**EXERCISE**
With pictures omitted, copy exactly every line from the one that contains "September 2022 Jejak" to the end of the listing below.

──────── INFORMATION SHOWN

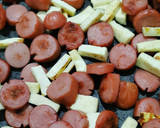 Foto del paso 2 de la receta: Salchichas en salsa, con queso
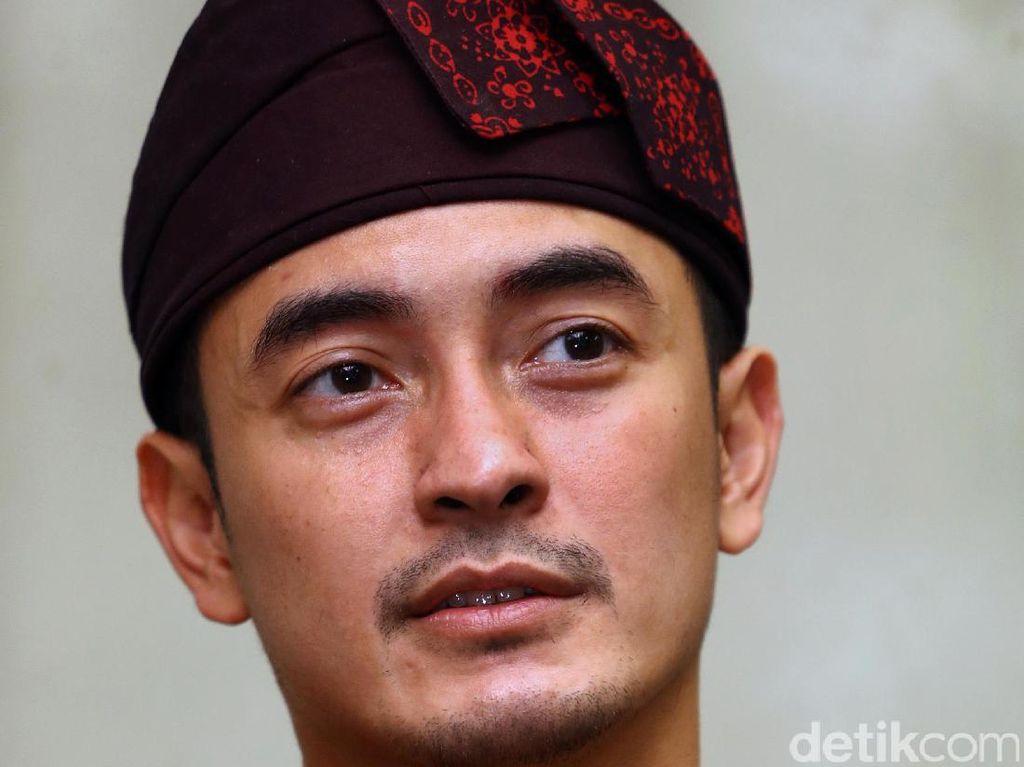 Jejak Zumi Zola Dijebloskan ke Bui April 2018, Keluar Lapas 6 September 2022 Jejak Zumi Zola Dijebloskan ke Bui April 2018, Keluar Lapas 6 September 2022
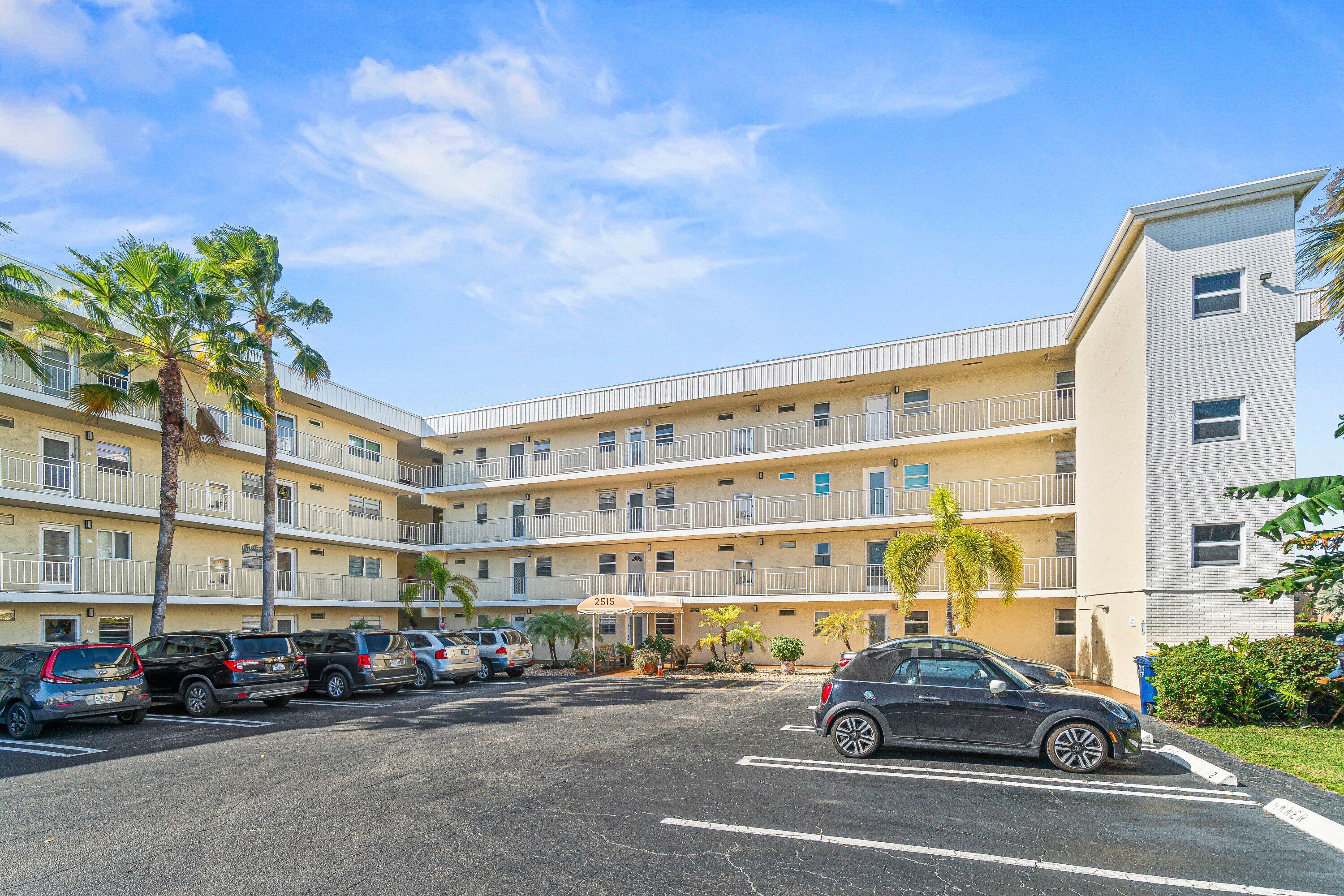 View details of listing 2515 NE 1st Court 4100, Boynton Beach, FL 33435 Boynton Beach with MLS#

────────────────

**REPLY TO THE TASK**
 Jejak Zumi Zola Dijebloskan ke Bui April 2018, Keluar Lapas 6 September 2022 Jejak Zumi Zola Dijebloskan ke Bui April 2018, Keluar Lapas 6 September 2022
 View details of listing 2515 NE 1st Court 4100, Boynton Beach, FL 33435 Boynton Beach with MLS#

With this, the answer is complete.